Photographing verre églomisé is difficult for several reasons. Especially if the work contains mirror finishes. It's not unusual to see a nice image of the photographer reflected in the glass.

Strong lighting and objects behind the photographer can impart very dominant reflections that obscure the work. This is often the case with shop windows. The window may be under a verandah and relatively dark, which means that parked cars, and the reflected streetscape dominate the photo and make it difficult work out what you are looking at. You may have to try out several positions and angles to find one that provides reflections that are complimentary.

Sometimes a flash can be helpful in illuminating the work, but it is best if you can position yourself so that the flash itself doesn't reflect on the glass. Position yourself so that a window frame hides the reflection, or take the photograph at an angle instead of direct on.

Getting good shots in a studio is a little easier. The trick in getting a good photo is to have a neutral background.

I often hang a large grey cloth behind me as a backdrop to hide all reflections. If a white backdrop is used, it tends to wash out colours in the work. If the backdrop is a black, the colours a good, but the gilding appears dark and mirrors areas look black and give a false impression of how the work really looks.

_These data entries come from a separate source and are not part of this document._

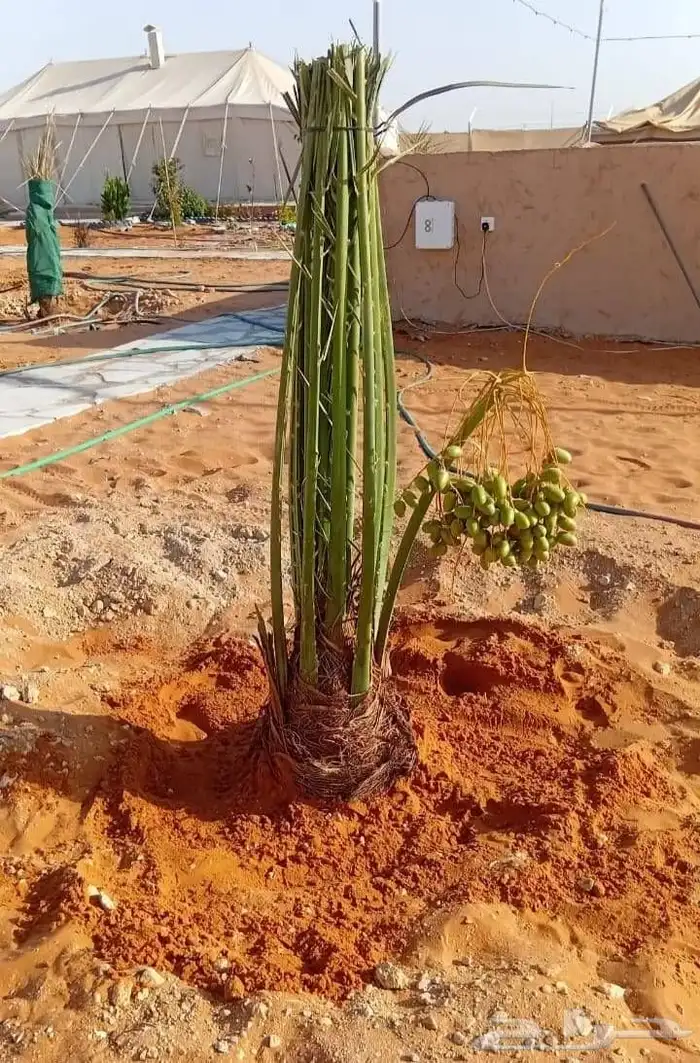 نخل طيب عربي وزينه 5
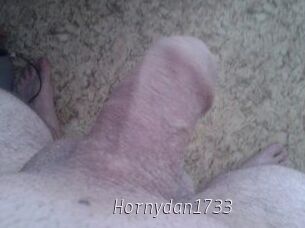 Hornydan1733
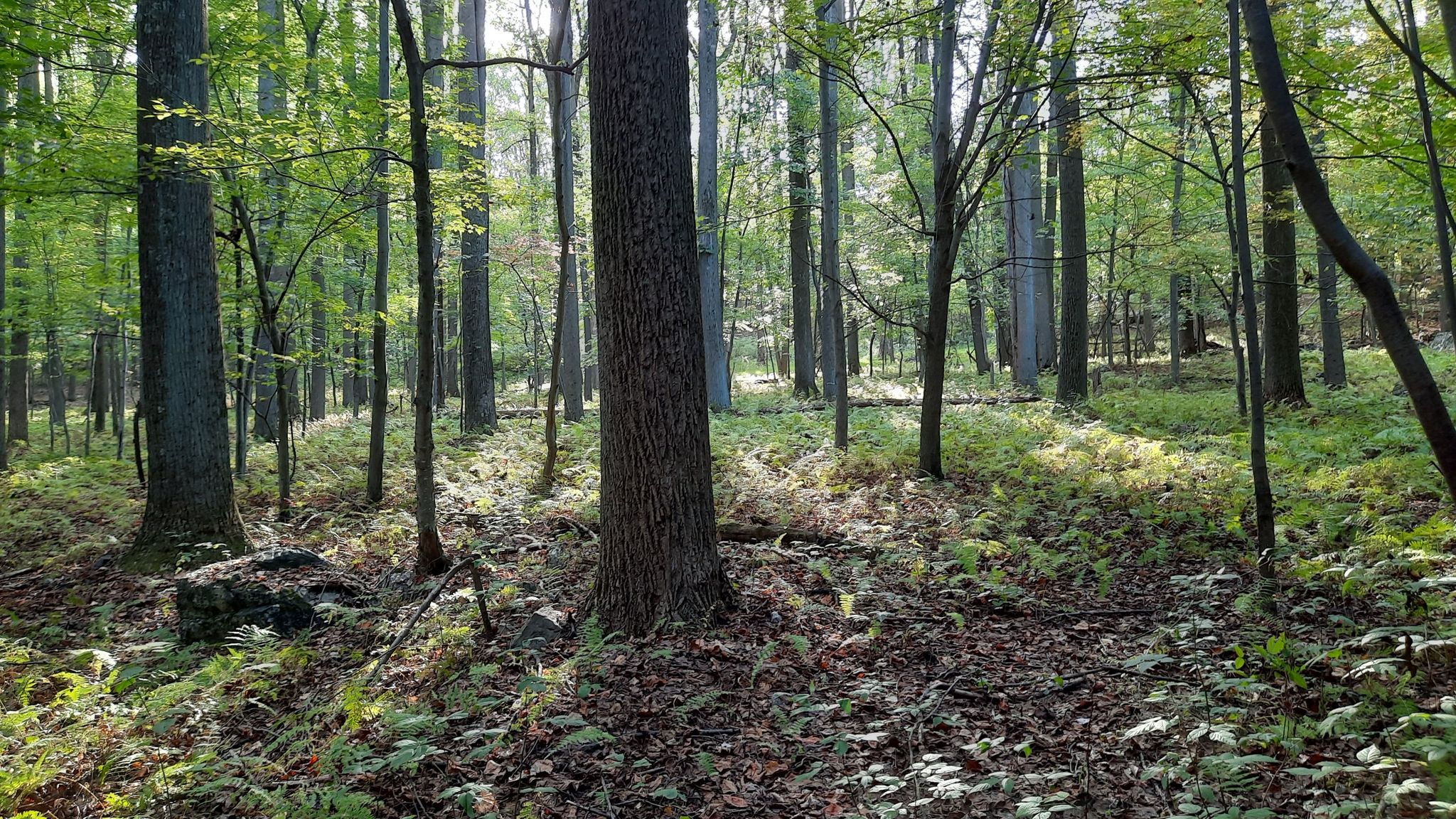 Sunlit forest floor with tall trees and lush green undergrowth. - Mountain Loop Trail
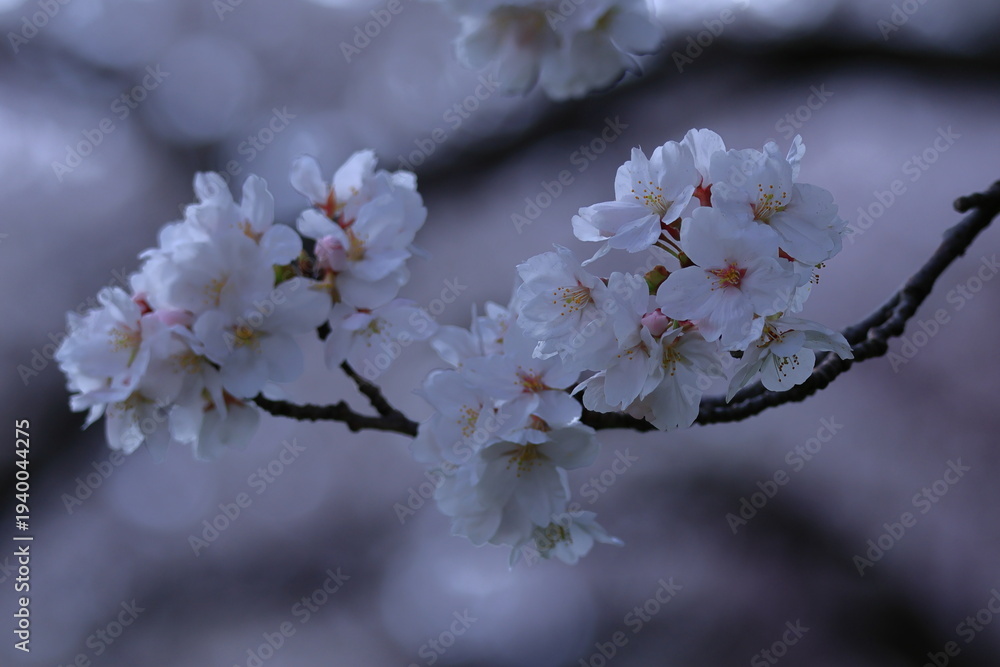 Obraz premium 春爛漫満開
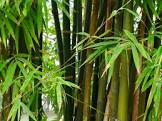 Bamboo Plants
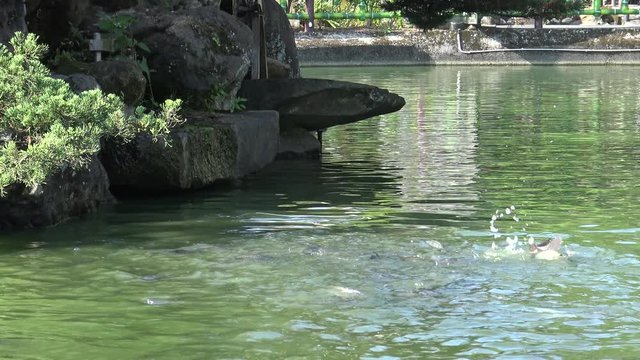 4K People feeding many Koi carp and comun carp in the pond, the fish swam to the surface of the water and grab the food in Taiwan-Dan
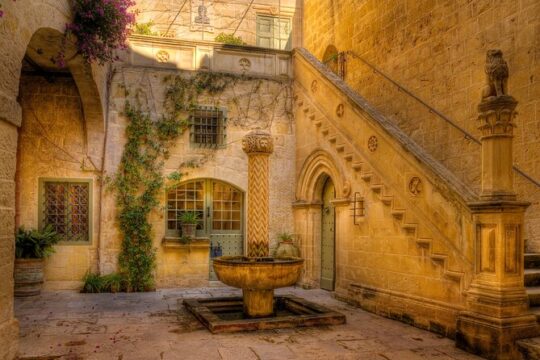 Palazzo Falson Historic House Museum entrance ticket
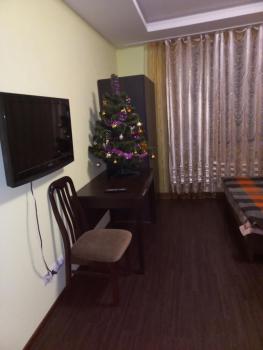 Шикарная 2к квартира Центральный парк Университет 70м, Irpiň (fotografie 3)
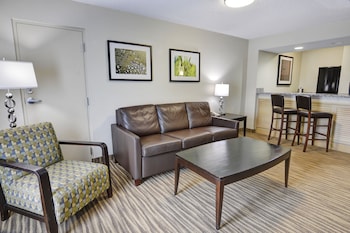 Suite, 1 King Bed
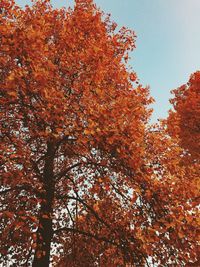 Low angle view of trees against sky during autumn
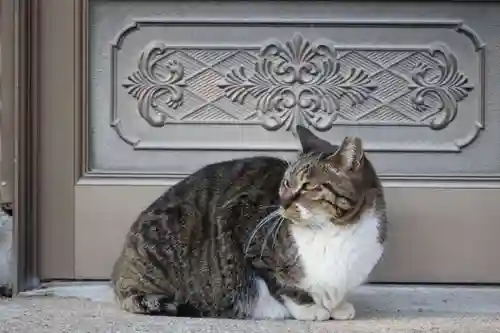 阿邪訶根神社の動物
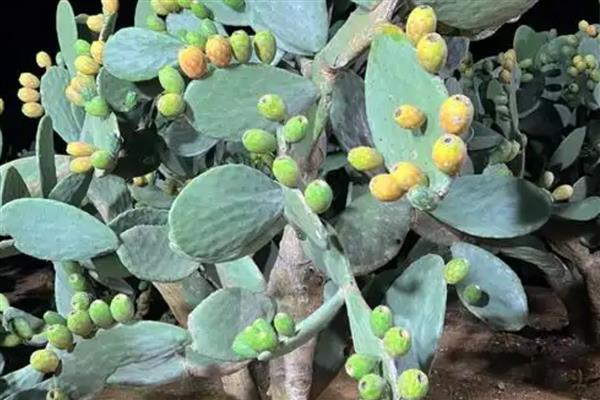 仙人掌的果实皮能吃吗，通常是不带皮一起吃的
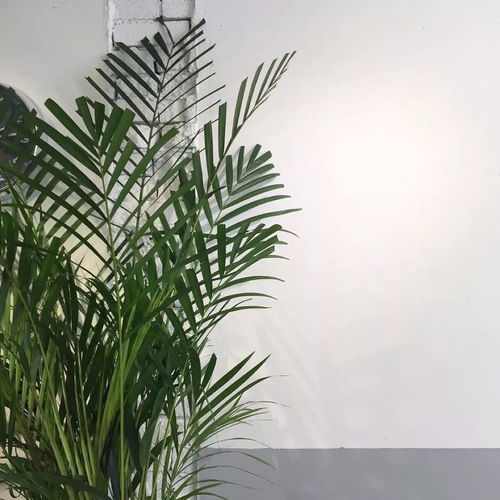 背景图一往情深深几许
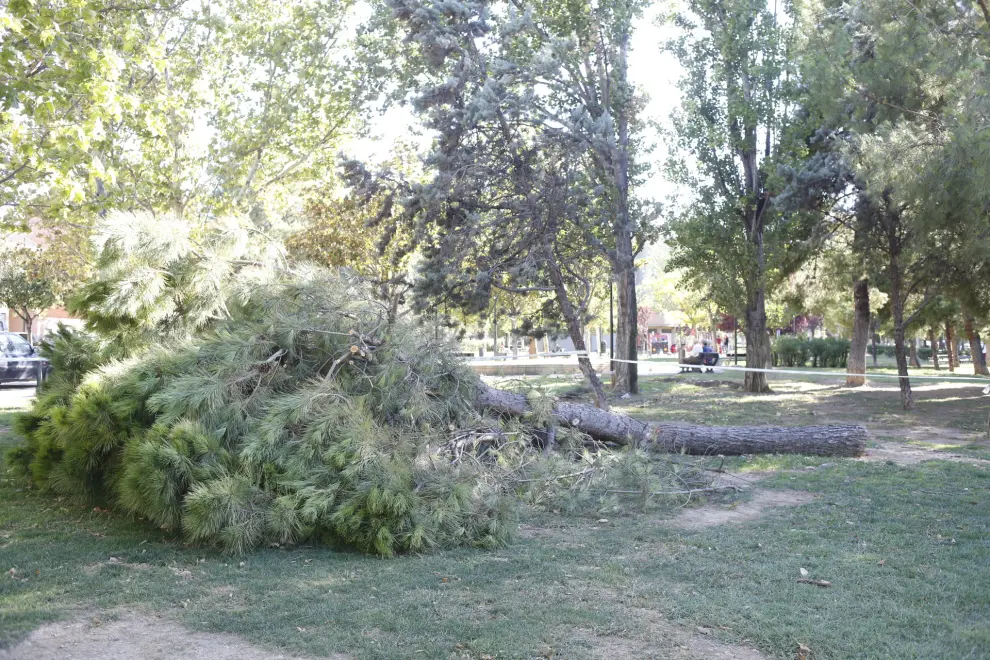 Cae un árbol en Las Fuentes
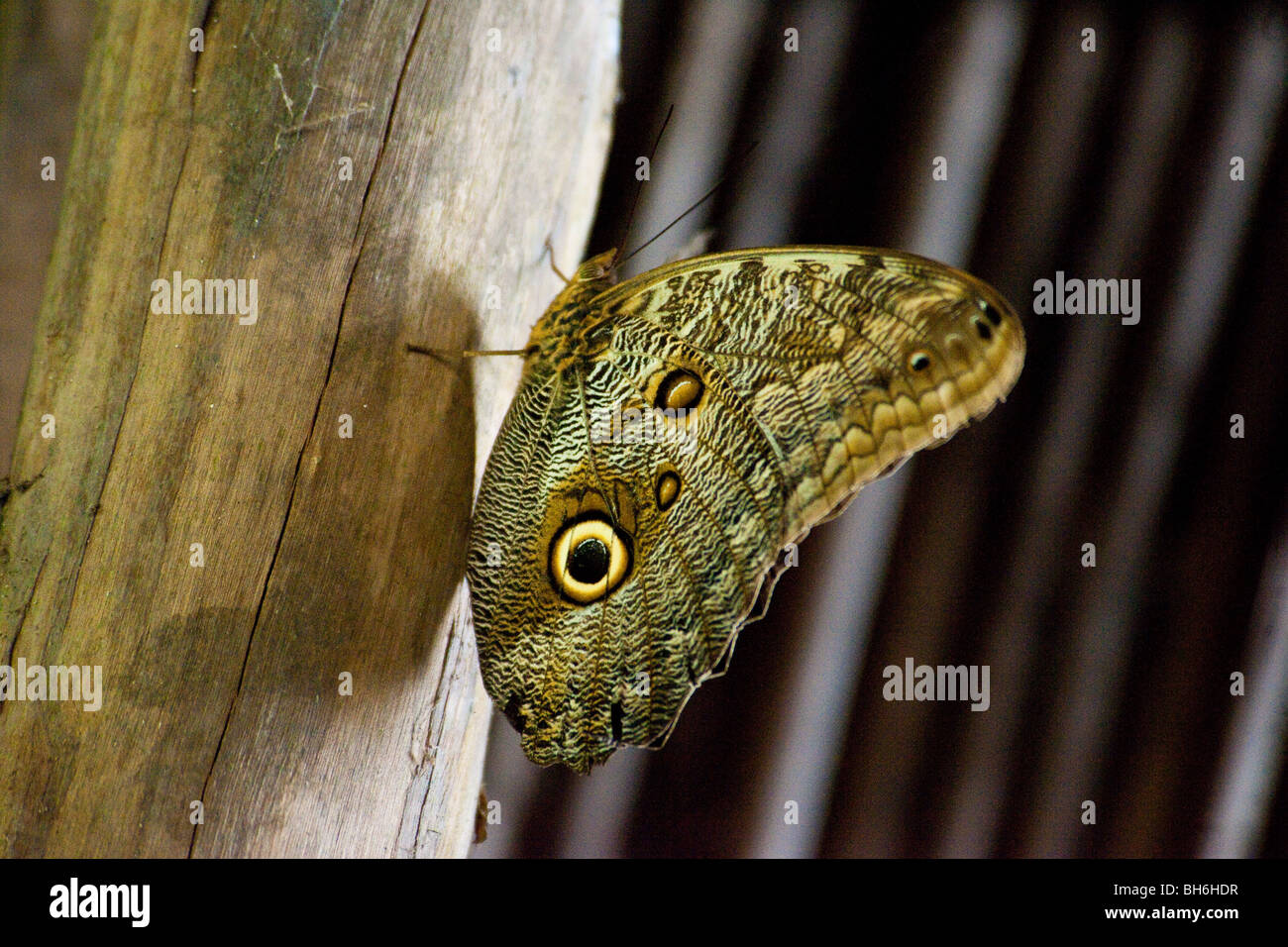 Owl butterfly au repos sur la forêt près de Puerto Viejo au Costa Rica Banque D'Images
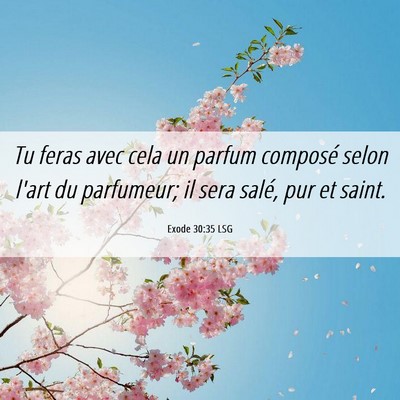 Picture 06 - Exode 30:35 LSG - Tu feras avec cela un parfum composé selon l'art - Bible Verse Picture
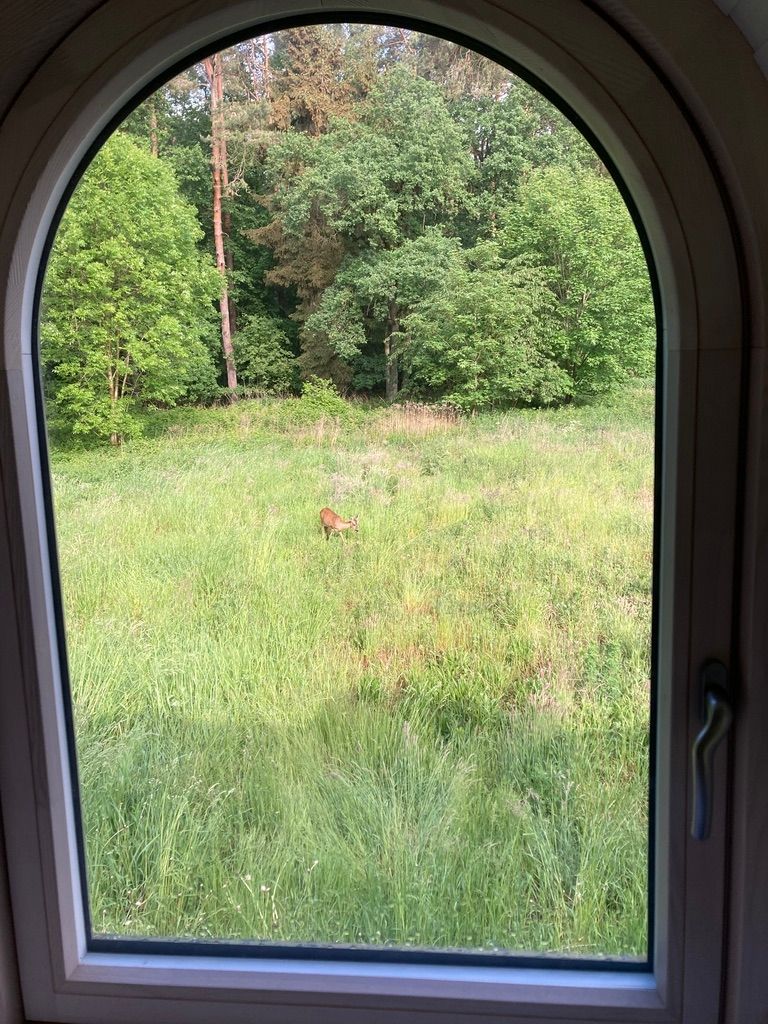 Iglucraft dans le parc naturel de Wendland, près de l'Elbe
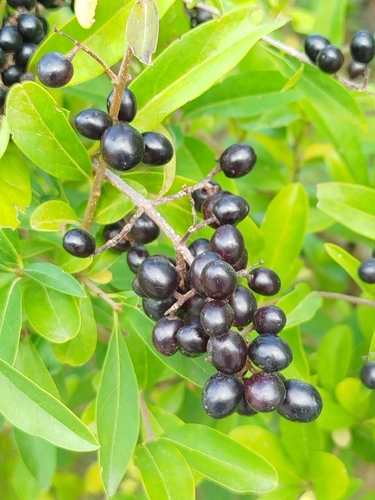 Common Privet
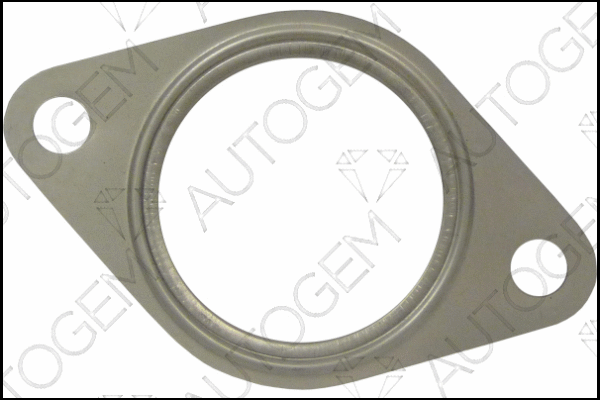 Gasket, exhaust pipe (CEG5638)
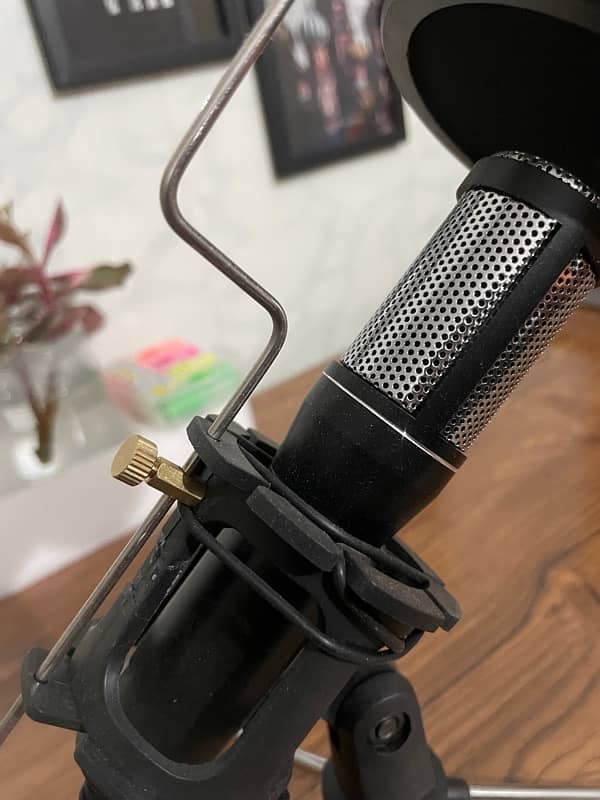 Depusheng USB Microphone with Pop Filter and Tripod 4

Getting straight photos from directly in front of the work without showing the photographer or camera can be achieved fairly easily using software. I often take the photos at a slight angle, then just pull it straight in Photoshop. The other method is to have a little hole in your backdrop and shoot through the hole. If the reflection of the lens is positioned over a dark area of the work, it won't be noticed.

Some people have recommended polarizing filters. I haven't found them to be useful. They might stop incidental glare, but don't do anything to combat direct reflections from the glass.